• [Task requirements]:
If a picture appears in the records, leave it out and transcribe the rest exactly.

• [Given records]:
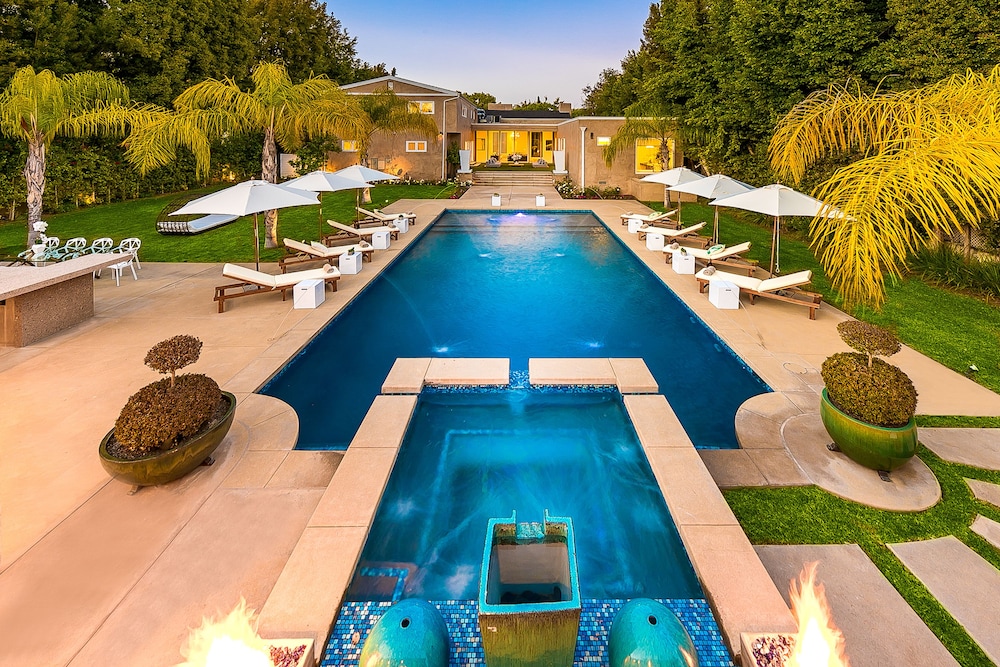 Beverly Hills Luxury Modern Palace - photo 30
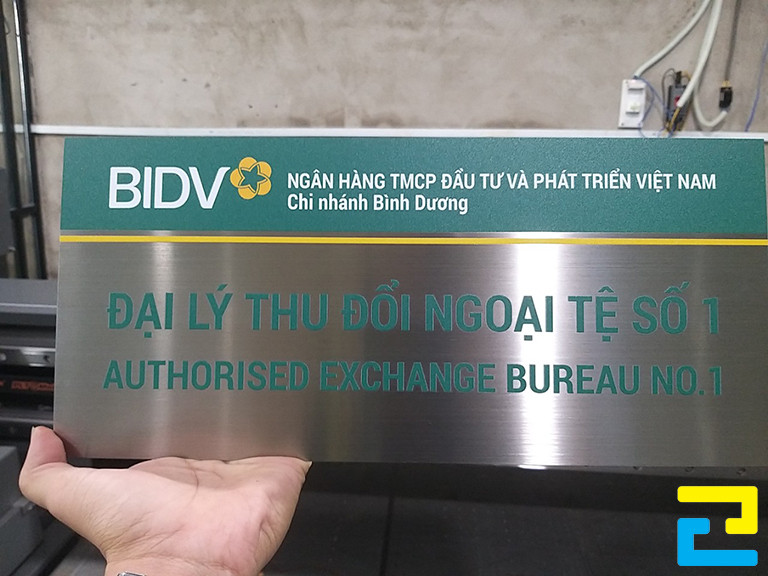 Mẫu 17: Bảng hiệu Ngân hàng Thương mại cổ phần Đầu tư và Phát triển Việt Nam BIDV được in trên chất liệu inox sáng bóng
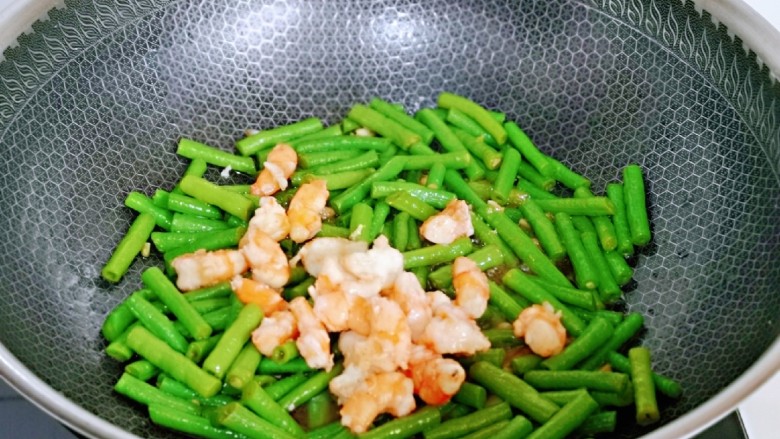 虾仁炒豇豆,加入煸炒过的虾仁。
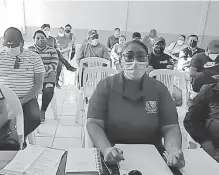  ?? /ARTURO CORONA ?? El Sindicato de Burócratas en reunión con delegados pidieron la renuncia del alcalde de Comondú, doctor José Walter Valenzuela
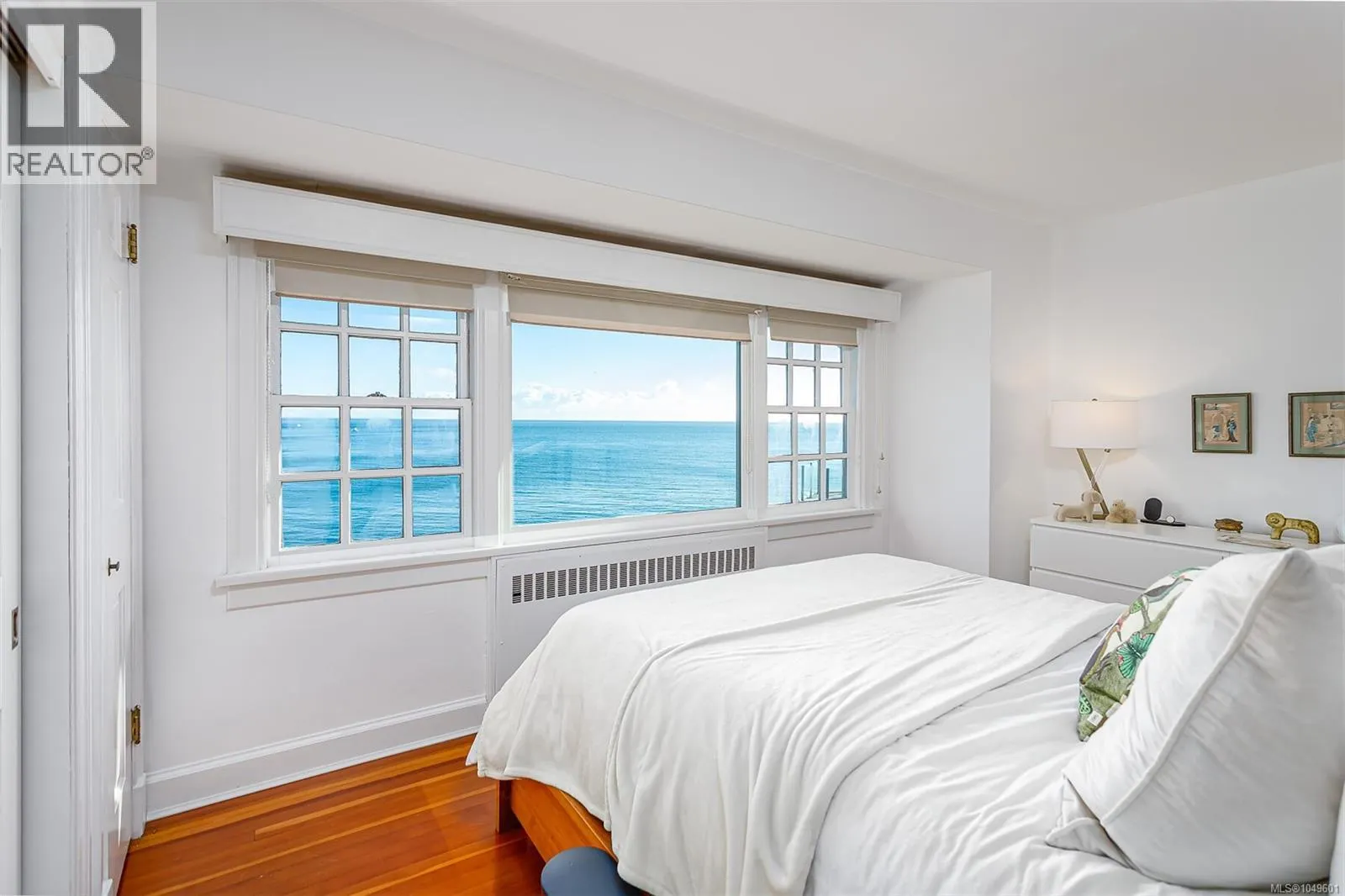 987 Beach Dr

• [Finished exercise]:
 Beverly Hills Luxury Modern Palace - photo 30
 Mẫu 17: Bảng hiệu Ngân hàng Thương mại cổ phần Đầu tư và Phát triển Việt Nam BIDV được in trên chất liệu inox sáng bóng
 虾仁炒豇豆,加入煸炒过的虾仁。
  ?? /ARTURO CORONA ?? El Sindicato de Burócratas en reunión con delegados pidieron la renuncia del alcalde de Comondú, doctor José Walter Valenzuela
 987 Beach Dr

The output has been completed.